Global Cycling Network (GCN) is a cycling-related YouTube channel which was launched in the United Kingdom in 2013. The channel's parent company, Play Sports Network, became a subsidiary of Warner Bros. Discovery through its TNT Sports unit in 2019 and returned to private ownership in 2024.

Content on the channel is presented by former professional cyclists and cycling journalists including 2008 Vuelta a Extremadura winner Daniel Lloyd, under-23 British National Mountain Biking champion Simon Richardson and 2018 Irish national road race champion Conor Dunne.

== History ==

On 1 January 2013, Global Cycling Network was launched by SHIFT Active Media founder Simon Wear, under Google's now-defunct YouTube Original Channel Initiative, as part of its multi-channel network media strategy. Wear's original objective was to create a "network of quality cycling video content creators and give cycling global promotion through an official channel". The YouTube channel also provides a media channel for the promotion of the parent company's client brands.

In 2015, the channel was awarded Best Vlogger/Best Use of Video during the Cycling Media Awards 2015 awards night, which aims to recognise the best of UK cycling media. In 2016 the parent company's multi-channel network division was spun off as Play Sports Network, and management of the channel was transferred to the new company. On 18 April 2017 the channel broke the 1 million subscriber mark.

On 27 February 2017, Discovery Communications, the owner of Eurosport, announced the acquisition of a 20% stake in Play Sports Group, the company that owns the GCN channel. In 2019, Discovery Communications acquired a controlling interest in Play Sports Group and the GCN franchise, increasing holdings to 71%.

On 13 June 2024, it was announced that Warner Bros. Discovery had sold the channel back to Simon Wear. This ended the co-production of broadcast content by Eurosport and GCN+.

== Content ==
Global Cycling Network's content tends to be predominantly road cycling-related, with regular sections consisting of instructional videos, including videos on bicycle riding, maintenance and tech news, how-to videos, and a weekly news bulletin, "The GCN Show". The channel also features interviews of professional cyclists and coverage of international professional cycling events, including the Tour of Beijing, Dubai Tour, and the three Grand Tour races (the Tour de France, Giro d'Italia and Vuelta a España). Occasionally, the channel also creates videos on cyclo-cross and less frequently, mountain biking (mostly covered on Global Cycling Network's sister channel, Global Mountain Bike Network).

The channel also produced a "Road Bike Party" series of videos featuring former trials rider Martyn Ashton performing stunts on road bikes.

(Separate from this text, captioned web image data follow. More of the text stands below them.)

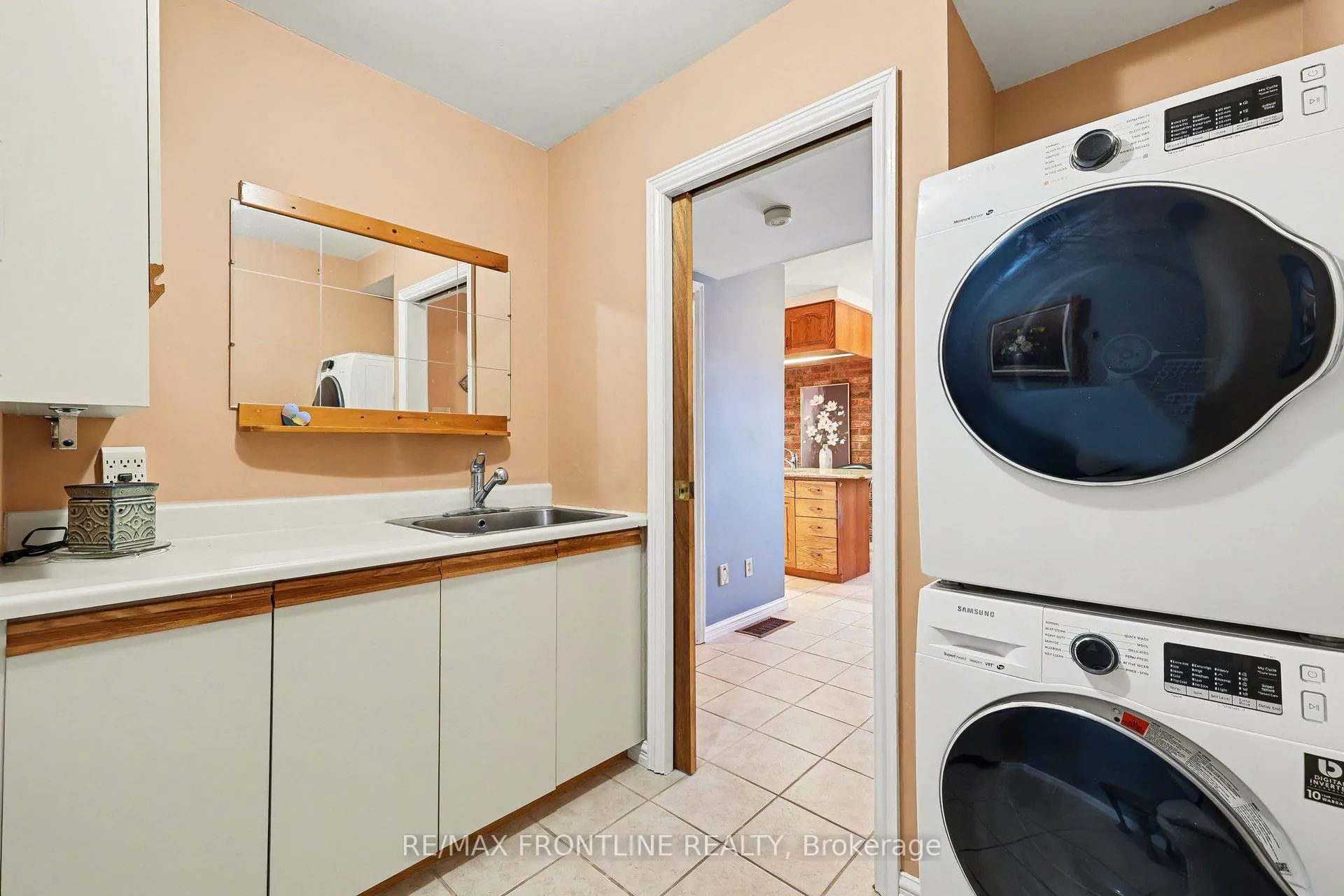 Photo 19 of 1047 Country Lane, Frontenac, Frontenac Centre — HOMEH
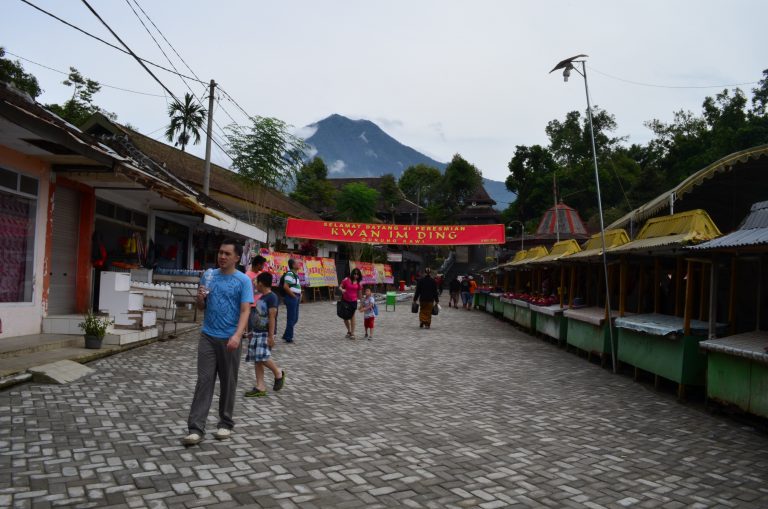 Gunung Kawi menjadi pemandangan yang melatarbelakangi Pesarean Gunung Kawi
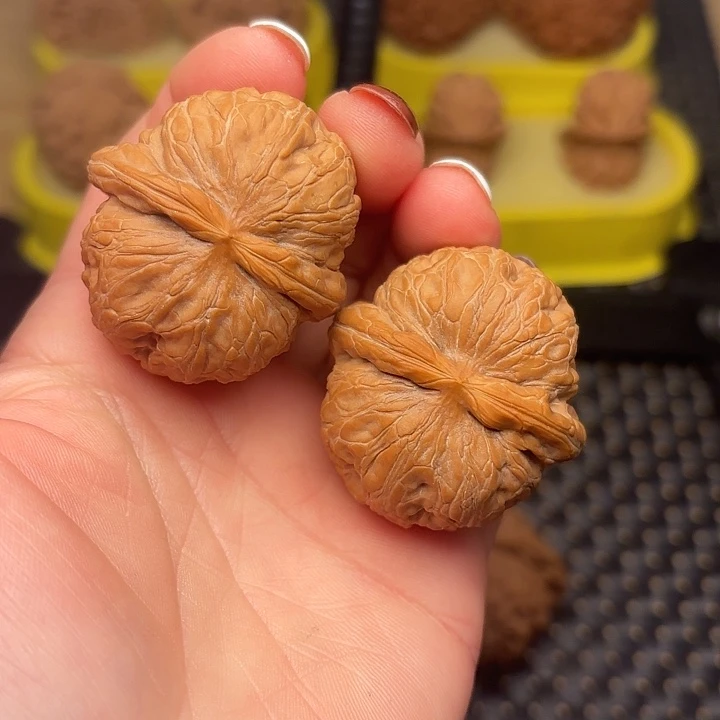 ꪗ***.吊坠文玩核桃40平谷元宝狮子头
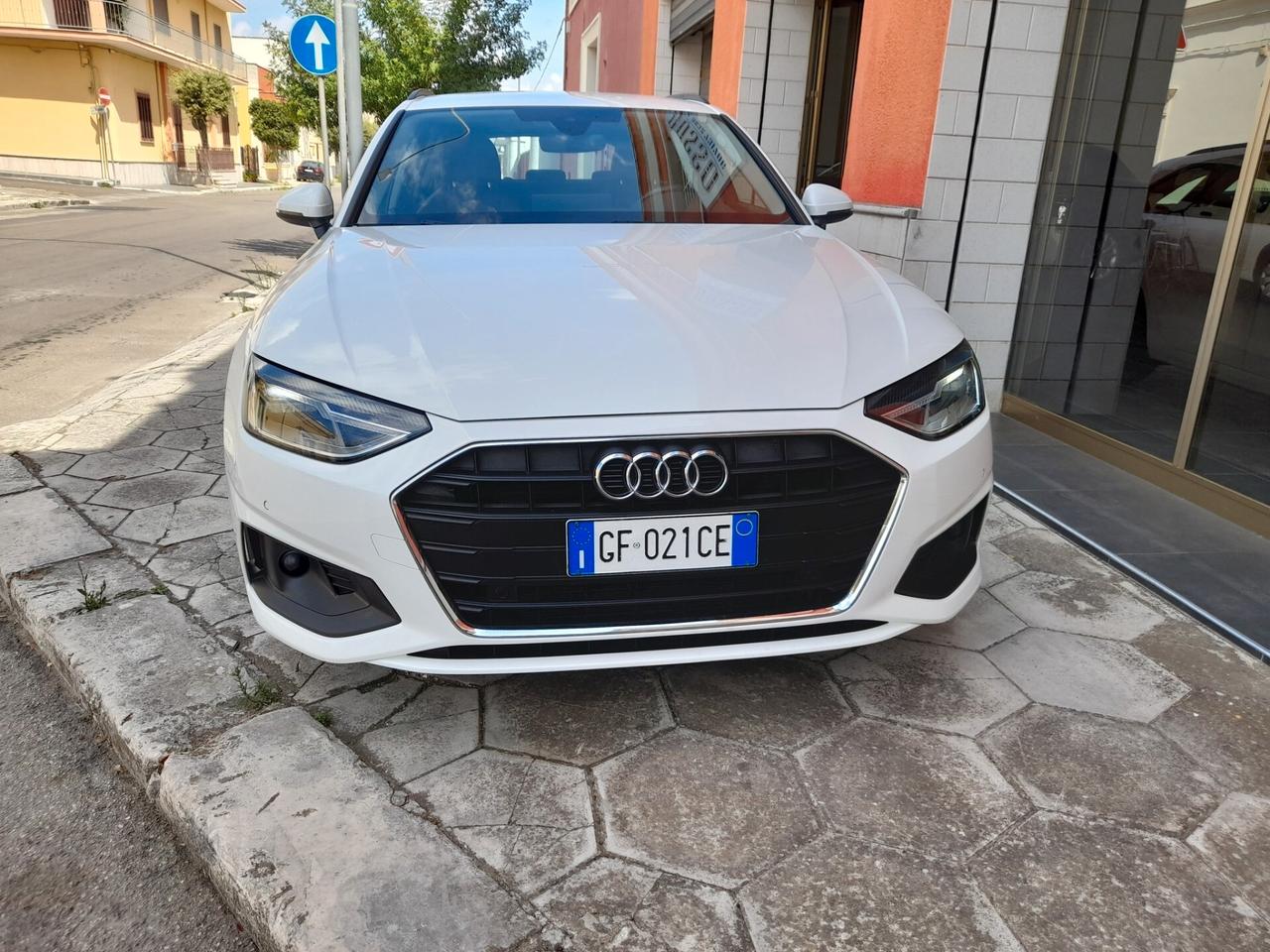 AUDI A4 SW 2.0 TDI S-TRONIC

It was a continuation of Ashton's independently-created first video, Road Bike Party 1. As of January 2025, Road Bike Party 2 had received more than 20 million views.

In 2014, British Cycling partnered with Global Cycling Network in the creation of its Racesmart campaign, which aimed to promote safe cycle racing in Great Britain.

== Presenters ==

=== Global Cycling Network ===
- Simon Richardson (2013-present), former professional cyclist and under-23 British National Mountain Biking champion.
- Dan Lloyd (2013-present), former professional cyclist and 2008 Vuelta a Extremadura winner.
- Oliver Bridgewood (2018-present), PhD graduate and previous writer and video producer at Cycling Weekly.
- Conor Dunne (2020-present), former professional cyclist and 2018 Irish national road race champion.
- Alex Paton (2020-present) former professional cyclist, hired to work on the GCN Tech channel.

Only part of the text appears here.